Segment Start: SUPPLIED DATA

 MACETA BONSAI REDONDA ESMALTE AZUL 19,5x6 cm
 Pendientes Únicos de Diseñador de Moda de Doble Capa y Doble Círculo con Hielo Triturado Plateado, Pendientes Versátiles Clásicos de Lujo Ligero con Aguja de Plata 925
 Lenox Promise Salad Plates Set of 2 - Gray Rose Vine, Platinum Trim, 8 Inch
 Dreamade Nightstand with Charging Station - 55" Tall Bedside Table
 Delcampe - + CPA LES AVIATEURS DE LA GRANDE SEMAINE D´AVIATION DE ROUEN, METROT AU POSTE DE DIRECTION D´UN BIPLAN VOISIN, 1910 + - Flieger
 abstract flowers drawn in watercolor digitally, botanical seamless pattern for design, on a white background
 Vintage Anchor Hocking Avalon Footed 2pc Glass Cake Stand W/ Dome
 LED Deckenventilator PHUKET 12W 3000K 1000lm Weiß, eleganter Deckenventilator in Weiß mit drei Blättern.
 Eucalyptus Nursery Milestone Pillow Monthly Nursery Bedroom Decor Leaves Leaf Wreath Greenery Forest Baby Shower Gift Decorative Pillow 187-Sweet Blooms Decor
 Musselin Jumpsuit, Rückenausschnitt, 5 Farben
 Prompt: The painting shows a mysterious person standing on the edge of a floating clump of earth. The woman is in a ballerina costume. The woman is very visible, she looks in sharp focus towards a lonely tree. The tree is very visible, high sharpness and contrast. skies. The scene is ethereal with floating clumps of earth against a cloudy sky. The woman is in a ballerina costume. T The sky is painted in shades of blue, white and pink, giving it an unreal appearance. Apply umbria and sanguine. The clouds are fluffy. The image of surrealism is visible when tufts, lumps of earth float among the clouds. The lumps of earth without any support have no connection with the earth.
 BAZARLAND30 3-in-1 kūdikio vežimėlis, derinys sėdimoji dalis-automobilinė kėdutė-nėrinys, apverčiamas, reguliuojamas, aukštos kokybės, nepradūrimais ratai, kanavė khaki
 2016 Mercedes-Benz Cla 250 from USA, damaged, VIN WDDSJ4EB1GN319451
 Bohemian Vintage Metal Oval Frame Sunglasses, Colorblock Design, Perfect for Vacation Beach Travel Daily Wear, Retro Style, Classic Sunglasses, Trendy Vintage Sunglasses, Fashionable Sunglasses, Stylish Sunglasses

Segment End: SUPPLIED DATA
Segment Start: SUPPLIED DATA

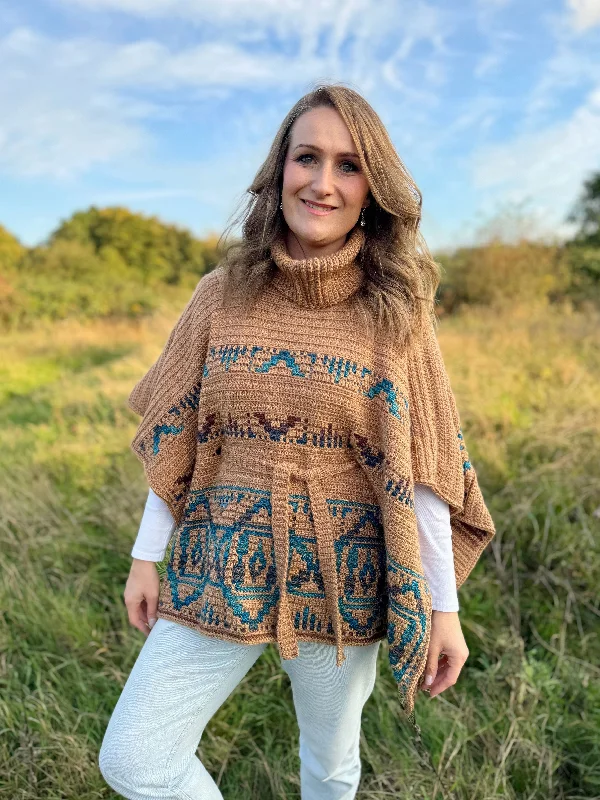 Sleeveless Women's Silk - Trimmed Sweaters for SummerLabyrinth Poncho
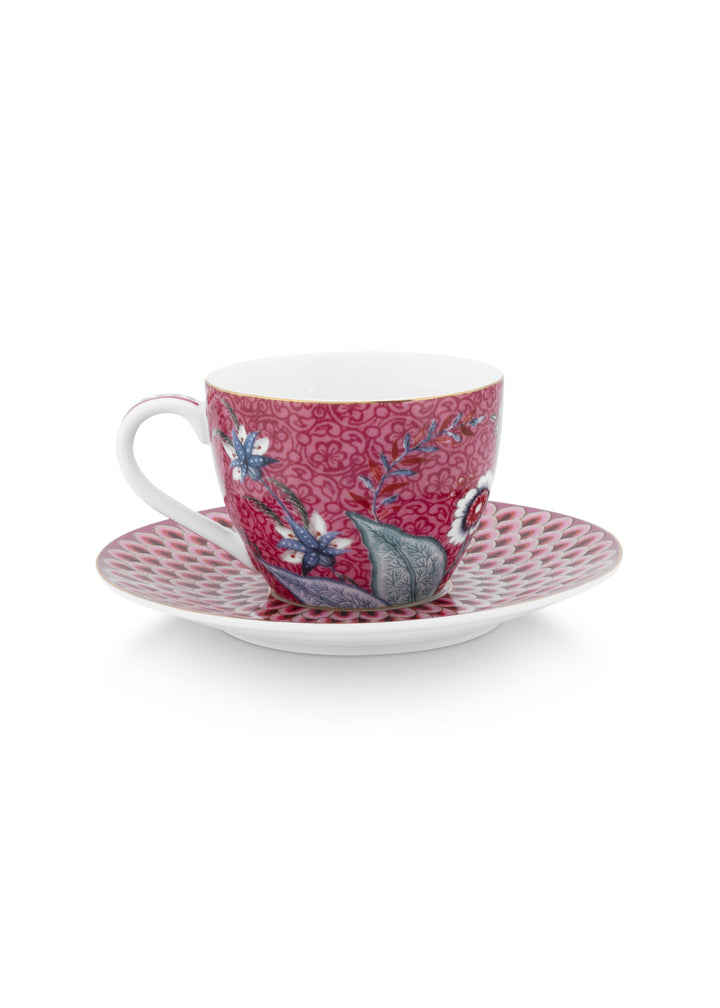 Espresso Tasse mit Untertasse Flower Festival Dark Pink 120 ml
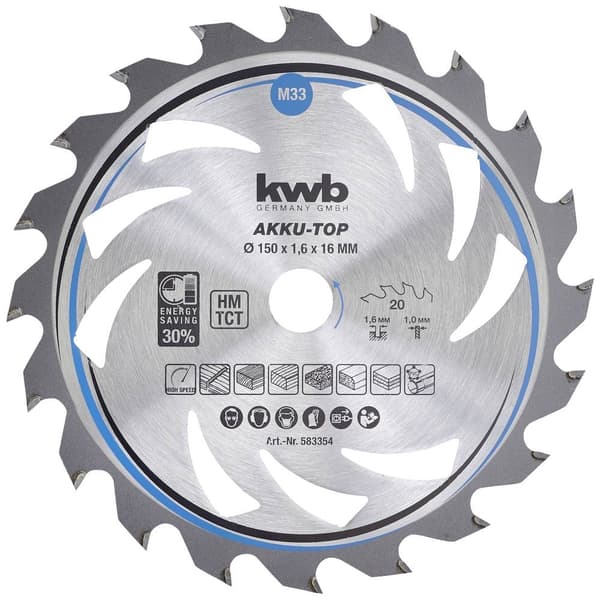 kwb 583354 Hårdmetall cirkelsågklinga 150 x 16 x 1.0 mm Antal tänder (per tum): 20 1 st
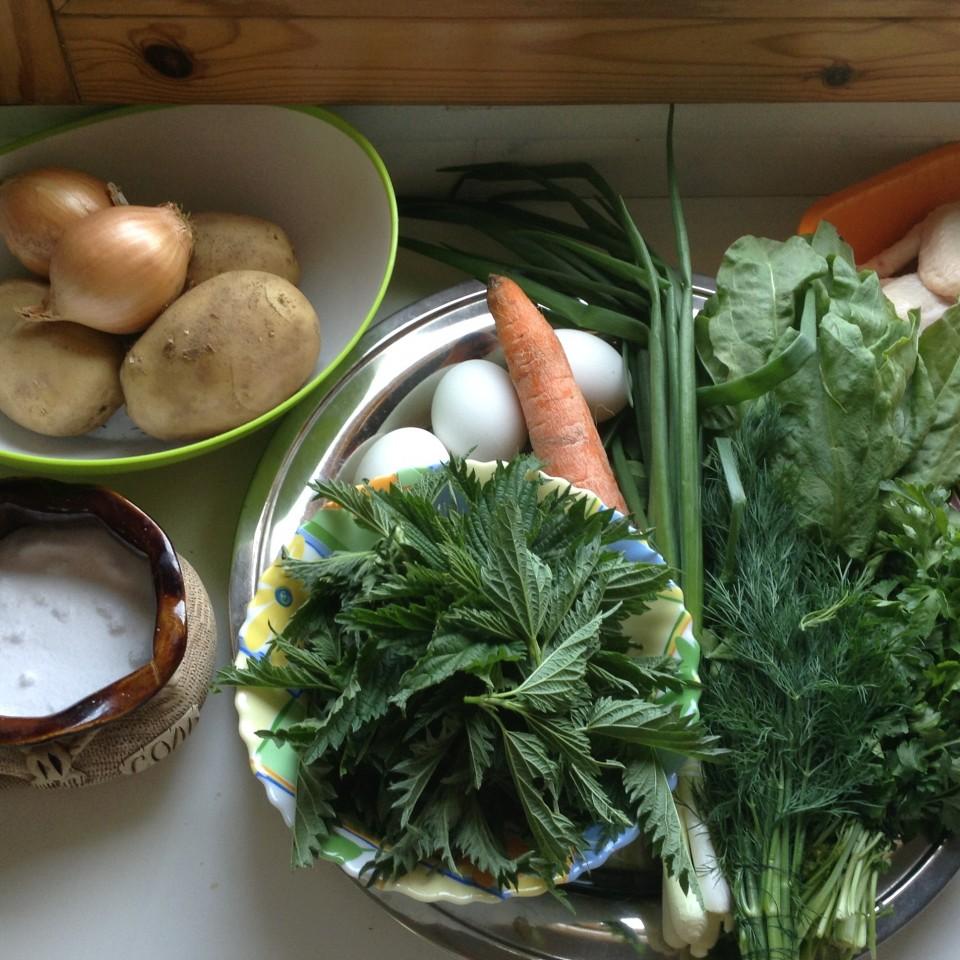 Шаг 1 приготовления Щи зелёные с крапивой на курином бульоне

Segment End: SUPPLIED DATA
Segment Start: SUPPLIED DATA

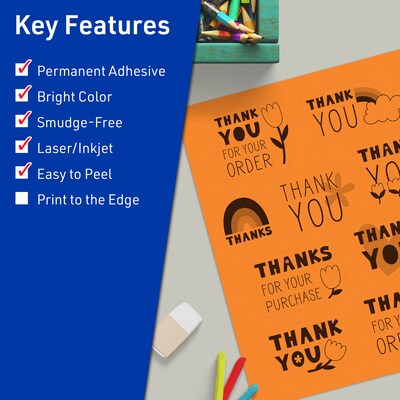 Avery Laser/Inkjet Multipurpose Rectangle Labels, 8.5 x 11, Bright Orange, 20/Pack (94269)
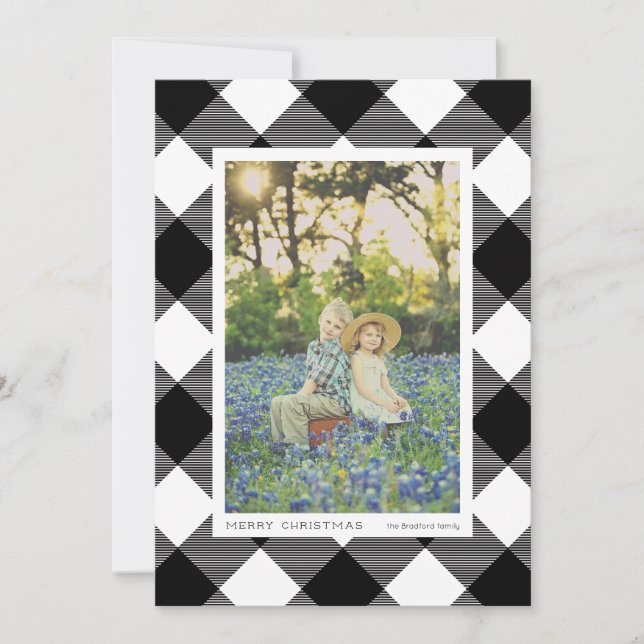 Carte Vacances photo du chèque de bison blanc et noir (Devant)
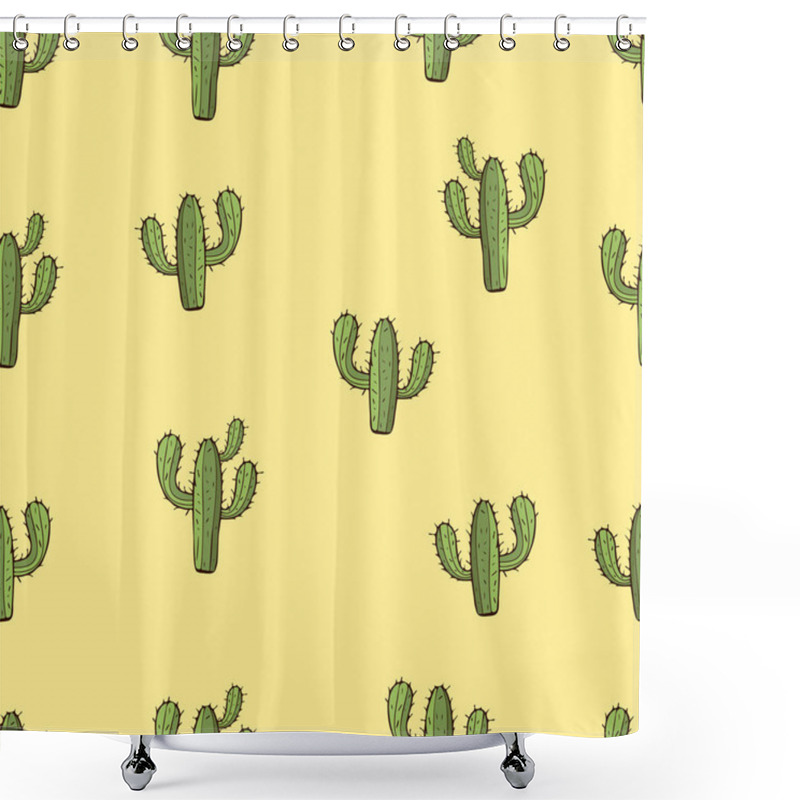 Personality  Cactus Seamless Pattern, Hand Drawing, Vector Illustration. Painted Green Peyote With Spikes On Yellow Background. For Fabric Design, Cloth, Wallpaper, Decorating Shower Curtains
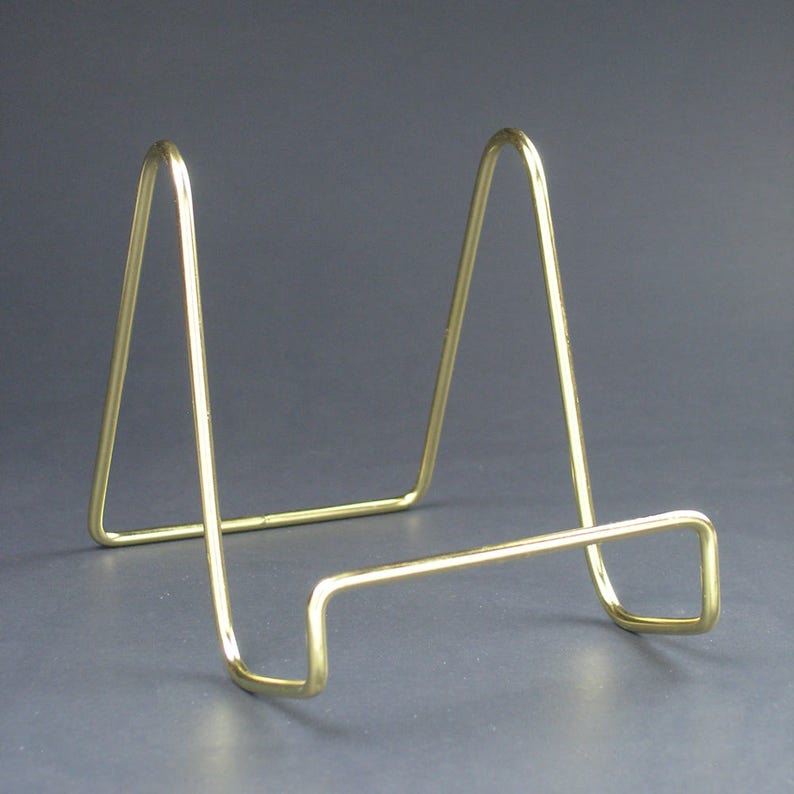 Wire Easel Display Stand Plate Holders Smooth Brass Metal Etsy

Segment End: SUPPLIED DATA

Lines in the listing above that hold the string "Vintage" need counting. Please reply with the total only.

2